Leyla Perrone-Moisés explica que a literatura nasce de uma
dupla falta. A primeira é experimentada por todos os seres humanos, pois o
mundo em que vivemos não nos é
satisfatório. A
segunda, sentem-na os artistas que buscam na literatura uma alternativa, seja positiva
ou negativa, de reconstrução do real.
Na sua gênese
e na sua realização, a literatura aponta sempre para o que falta, no mundo e em
nós. Ela empreende dizer as coisas como são, faltantes, ou como deveriam ser,
completas. Trágica ou epifânica, negativa ou positiva, ela está sempre dizendo
o que o real não satisfaz. (PERRONE- MOÍSES, 2006, p.104)
a substituição da falta
pela escrita . Posto que, para a criação literária, os escritores se valham da linguagem,
e esta nunca seja plenamente suficiente, a linguagem também será sentida como
falta.
No texto Fluxo , como em todos os registros emocionais
hilstianos, toda essa impossibilidade culmina numa reflexão metalinguística na maioria das vezes sarcástica:
Escuta,
anão, estou pensando. Em quê? Na coexistência, nesse ser dos outros. Vai
falando. Me ouves? Claro, mas vou fritando esses peixes, nem imaginas como foi duro
pescar este aqui, todo prateado, olha (..) vê, é dificílimo, acalma-te, come
peixe, agora sim está frito,
estás frito também, pois
coexistes. (HILST, opus, cit, p.72) (grifo nosso)

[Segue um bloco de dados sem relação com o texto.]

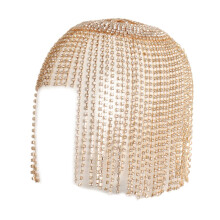 Rhinestone Head Chain Vintage Bridal Headpiece Golden Tassel Flapper Cap for Wedding and Dance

Como se angústia do nome e da coisa refletisse a obsessão
por sentidos que resultam numa fissura linguística dada pela ambiguidade sarcástica
( frito , em seu sentido literal, de assado, em tensão com frito , em sentido
figurado, com sérios problemas). Consideração que nos remete, novamente, ao
pensamento de Foucault:
A ideia de
que, destruindo as palavras, não são nem ruídos nem puros elementos arbitrários
que se reencontram, mas outras palavras que, pulverizadas por sua vez, liberam
outras essa ideia é ao mesmo tempo o negativo de toda a ciência moderna das línguas
e o mito no qual transcrevemos os mais obscuros poderes da linguagem, e os mais
reais. (FOUCAULT, idem, 123)
A consciência de que criar pela palavra significa, de certo
modo, destruí-la em seus sentidos originais ou convencionais move a literatura
de Hilda Hilst. Tem-se a dramatização da linguagem e a teatralização da escritura:
as palavras, enquanto jogos sonoro-verbais tornam-se ecos de resposta para o
nada que se encontra na busca. Para Hilst, a tragédia da condição humana se resolve
na transgressão da linguagem lugar obscuro de refúgio do ser que se especula
metafisicamente. E resolve-se porque se aceita que não há saída a não ser rir-se
da ironia por estar vivo.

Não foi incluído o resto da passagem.